被相続人がお亡くなりになった際に相続人が受け取る死亡保険金には非課税枠が用意されています。
相続が発生した際には被相続人の相続財産に対して相続税がかかり、生命保険金も相続税の課税対象になるケースがあります。
非課税枠とは、その際に生命保険金の一部を相続税の課税対象にしないということを認めた優遇制度です。
生命保険金の非課税枠は、以下の算式で計算されます。
生命保険金の非課税枠=500万円×法定相続人の数
もし現預金で財産を持っている方は、その一部を生命保険契約に組み替えることで、相続税の節税が可能となります。
生命保険契約への組み替えだけで、相続財産が相続税の基礎控除を下回り、納税が一切発生しなくなったという方もいらっしゃいます。
例えば法定相続人が2人の場合、1,000万円の預金を持っているよりも、死亡保険金1,000万円の生命保険契約を持っている方が、同じ1,000万円の価値がある財産でも相続税の課税対象が1,000万円非課税となります。
生命保険というと、一定の掛け金を支払って、将来の死亡時に掛け金の何倍もの死亡保険金を受け取るイメージがあります。
しかし、そのような保険は、若く、健康なうちにしか入ることはできず、高齢になってからでは生命保険の相続対策はできないと考えてしまう方も中にはいらっしゃいます。
しかし、相続税の節税だけを考えるならば、例えば1,000万円の掛け金を支払って、1,000万円の死亡保険金を受け取ることができるという、お金だけでみると得をしないような保険でも相続対策になります。
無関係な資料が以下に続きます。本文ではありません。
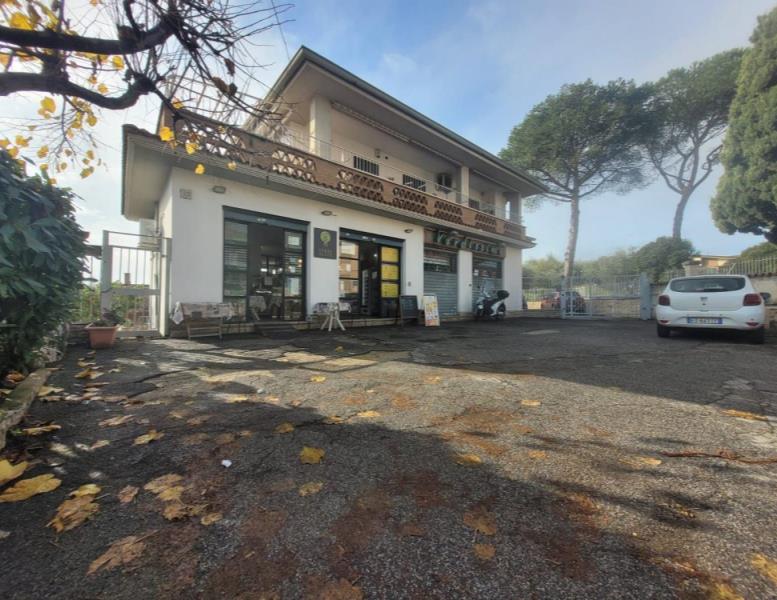 negozio in vendita a Fonte Nuova in zona Torre Lupara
財産を生命保険契約に組み替えることで、相続税の非課税枠が生まれるからです。
このような生命保険ならば、ご高齢の方でも加入することは難しくありません。
ぜひ、ご自身が高齢だからといって諦めずに、生命保険の相続対策をご検討いただければと思います。
原則として遺留分の対象にならない
税金ではなく、相続争い防止という観点でのメリットになります。
財産の相続先を決める際に必ず考慮しなければならないのが遺留分です。
遺留分とは、相続人は最低限これだけの財産はもらえるという権利のことです。
例えば、父親に3人の息子がいて、長男だけに預金や不動産などの全財産を渡すという遺言を書いた場合、次男、三男は各人の遺留分だけの財産は分配するよう、長男に対して請求することができます。
しかし、生命保険金は原則として、この遺留分の対象財産にならないのです。
なぜかというと、生命保険金は民法上の相続財産ではなく、保険金受取人の固有の財産と考えられているからです。
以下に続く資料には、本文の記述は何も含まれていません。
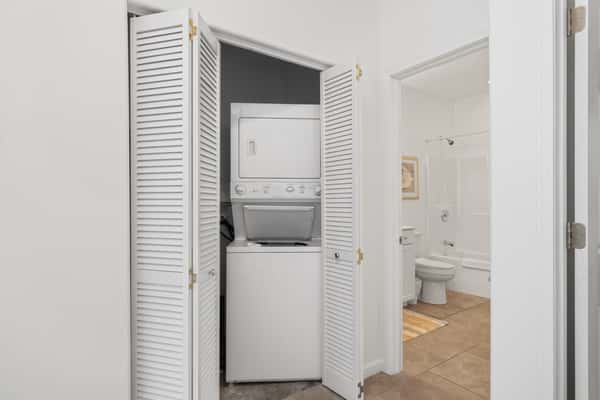 Lemondrop bathroom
難しい言い方になりましたが、要は遺産分割や遺留分の対象にはならず、確実に保険金受取人の財産になるということです。
被相続人としては、生前に生命保険を契約し受取人を指定しておけば、遺留分や遺産分割の対象にならない財産となるため、相続争いを防止することができます。
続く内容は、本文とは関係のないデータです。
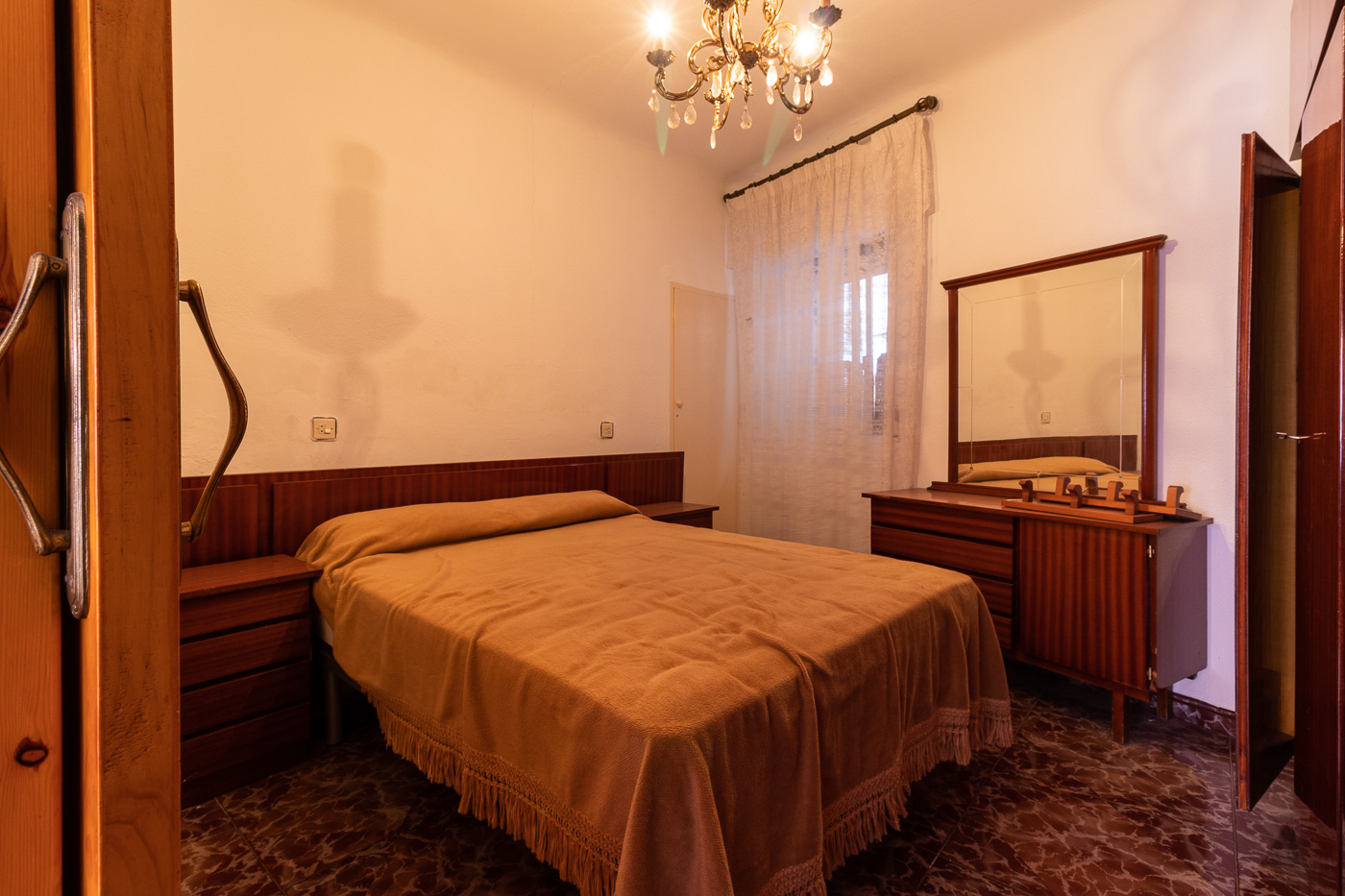 Traditional village house, garage and patio in the town center of Bullas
なお、“原則として“、という言葉を上記で使用していますが、”例外“もあります。
被相続人が自分のほぼ全ての財産を生命保険契約にして遺留分対策を行った結果、裁判で流石にそれはダメですよ、と認められなかった事例もあります。
行き過ぎた対策は無効になるリスクがあるということをご留意いただければと思います。
納税資金等の確保に役立つ
これは相続手続きの観点でのメリットです。
相続が発生したことを金融機関が知ると、銀行口座が凍結され、遺産分割協議が完了するまでは預金の引き出し等が出来なくなります。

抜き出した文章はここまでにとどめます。